Oh, Wonderful Creepiness

Somehow I missed out on all this stuff, but I’m up to speed now:

1. Her own major arcana.

2. A bit of fiction

3. The follow-up

(As a late Christmas present to myself, I bought those Tarot cards. Ridiculous, I know. But necessary. I mean, come on! Did you see the Naked Man?! It’s brilliant.)

Somehow all this cool shit I’m massively in love with has started happening here.

I don’t know how it happened. I woke up one day and lived in the city I’ve always wanted to live in.

Just-Right Harpe

For the story I’m working on, I invented a new Harpe, neither Big, nor Little, but Just-Right. There’s much to argue for him not being a Harpe–after all no one’s heard of Just-Right Harpe. On the other hand–his skull does end up on a stick on the side of the road as a warning, of sorts.

And, though I don’t really touch on it in the story, I like it because the person who sticks that skull on a stick is Zilpha Murrell, who, when she’s done with it, tosses it to the dog, but her son comes up with it instead. And then the skull, supposedly, whispers advice on how to be a good criminal to him.

Now I’m imagining an alternate history where bandits’ skulls get passed around like important oracles. A Harpe skull to John Murrell. And what did ever happen to John Murrell’s head? They never did find it.

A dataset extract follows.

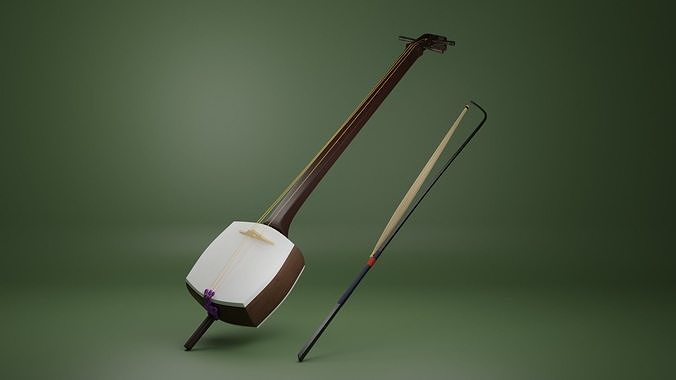 Kokyu-Japanese stringed instrument 3D model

Maybe when Frank and Jesse James came to Nashville, one of them ended up with it.

Though, if I had to make a real guess–who would have enough clout and enough interest in the dead–to pull off stealing a dude’s skull, you know I’d be putting my money on Ben Allen.

Burning, Burning, Burning Out

I’m kind of jealous of the “Fuck You. Pay Me” people, because then it’s really easy to say no to things. No money? No work. But yesterday, I had to decline to help a friend with something because, honestly, I just don’t have it in me. It’s not just the commitment to Pith and Project X, it’s the ghost story I want to send to this literary mag that I’m feeling like shit about (the story, not the outlet), and the interview I need to do, and the ways I’m behind at work and on and on.

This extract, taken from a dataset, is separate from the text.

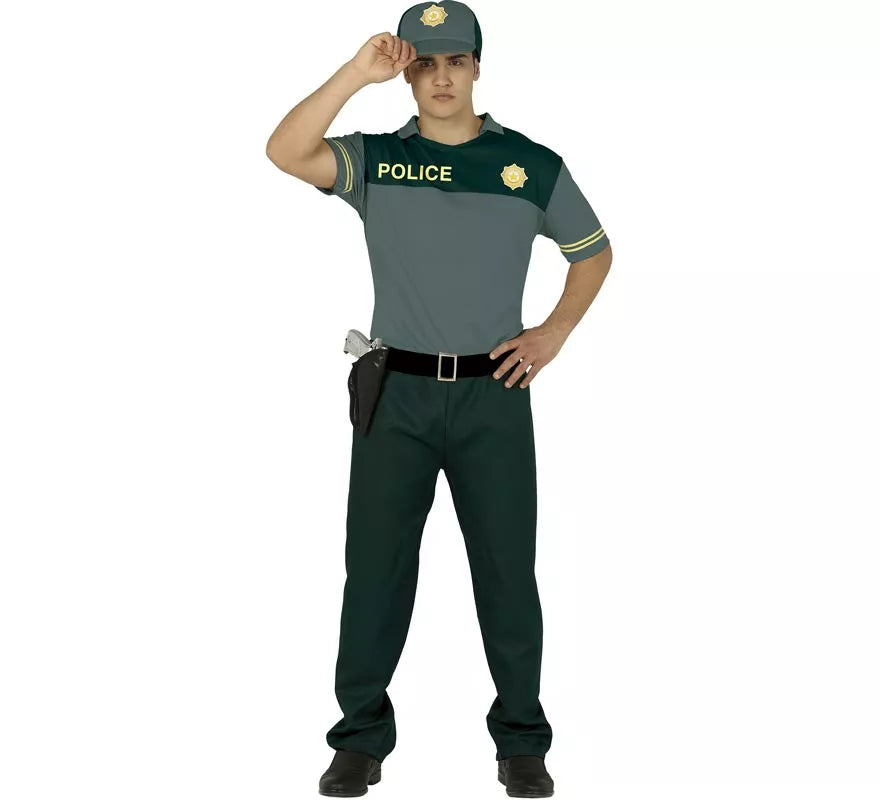Translation missing: de.Disfraz de Policía Verde para hombre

It’s good to be busy. But it feels weird to say, “sorry, no. I can’t.” It makes me think about how much we’re socialized to try to help, no matter what, especially if the only cost of it is our own time. And, especially if the only thing that would suffer is our own work.

I read someplace recently–maybe in that Carole Maso book–that being an artist is about being selfish in ways. And I kind of bristled at that notion. Not me. I’m not going to be selfish. Being selfish is bad and wrong and there has to be a way to make being creative work without being selfish.

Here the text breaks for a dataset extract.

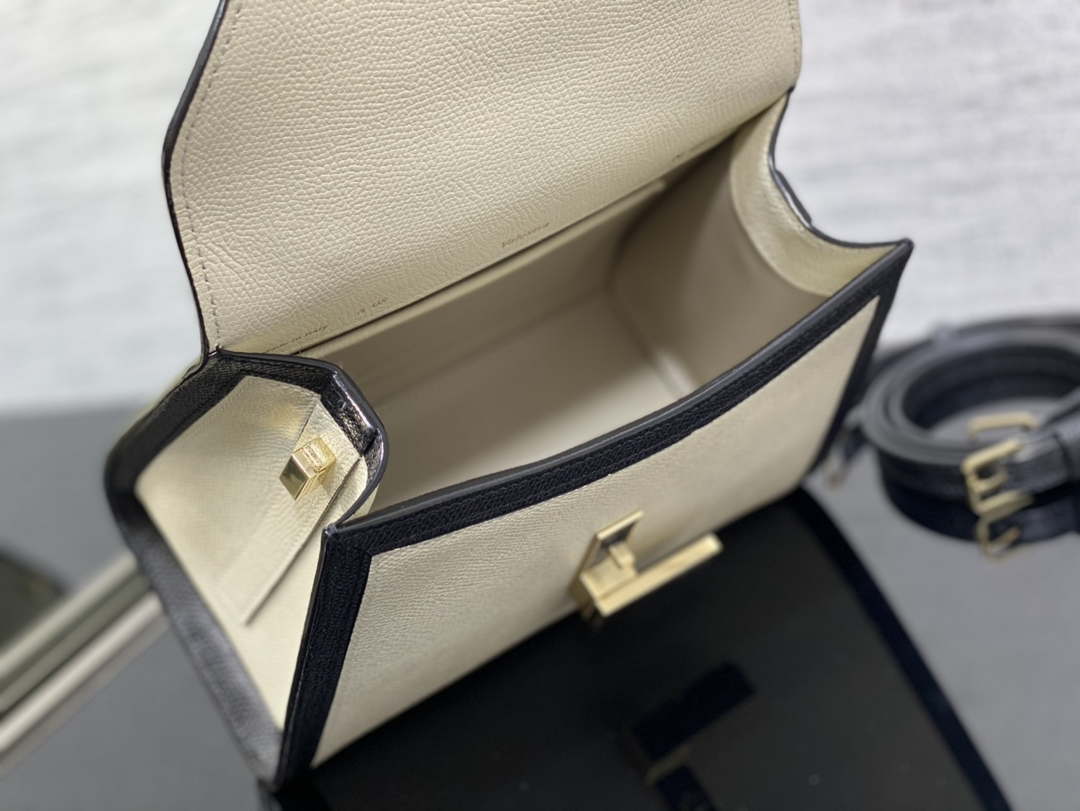 Valextra Iside Top Handle Mini Bag WBES0036028 White& Black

Eh, now I’m not sure that’s really true. I don’t think you have to be completely selfish, but you do have to be honest with yourself about what you need to do the things you need to do and you have to be a hardass about protecting those things. Otherwise, they just get eaten up or pushed aside. They’re so easily lost.

Which I think is another reason that I’ve just been in a piss poor mood. The Butcher’s workload has lightened (which, in real life is a relief) and football is over. So, the long hours I had at night to write–when things were silent in the house–are becoming much rarer and I’m adjusting poorly.